2015 Dodge Charger SRT Hellcat review: Your four-door, 707-hp hauler awaits

For those of you who, like the author, grew up watching Bo and Luke Duke terrorize Hazzard County, the Dodge Charger has a special place in your heart. And if you, like me, bristled when Dodge resurrected the Charger as a sedan some 35 years after its 1968–1970 heyday, you’ve probably been loathe to accept the Charger quattroporte’s hood as something over which you could see Bo or Luke sliding across.

The Dodge Challenger has been a nice consolation prize, to be sure, but only after driving all forms of the reworked 2015 Charger — including track time in the 707-hp Charger SRT Hellcat — we can assert that, at last, the Charger has become worthy of its vaunted name. Four doors and all.
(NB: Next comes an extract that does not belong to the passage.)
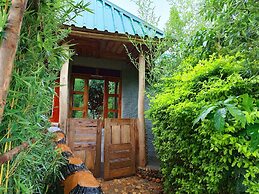 Bwindi My home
The day started in a hangar at Ronald Reagan National Airport in Washington, where we first encountered the new Charger family, which now includes no fewer than six trim levels: SE, SXT, R/T, new R/T Scat Pack, SRT 392, and the SRT Hellcat, the latter four powered by Hemi V-8s. All 2015 Charger trim levels look good and mean. Every body panel except the roof and rear door skins was reworked to make the full-size Dodge a little less, um, full-figured: overhangs were trimmed, the bumpers wrap around more, and the C-pillar has been stretched into more of a flying buttress. With its wide grilles bracketed by scary darkened headlamps and elongated C-shaped LED running lamps, the Charger’s lower, forward canted nose is vaguely evocative of the 1968 Charger’s full-width pocket grille. And of course, the racetrack taillamps return, now with smooth LED ribbon in place of last year’s dot-matrix effect. A total of 14 wheels options are available for 2015, 10 of them measuring 20 inches in diameter.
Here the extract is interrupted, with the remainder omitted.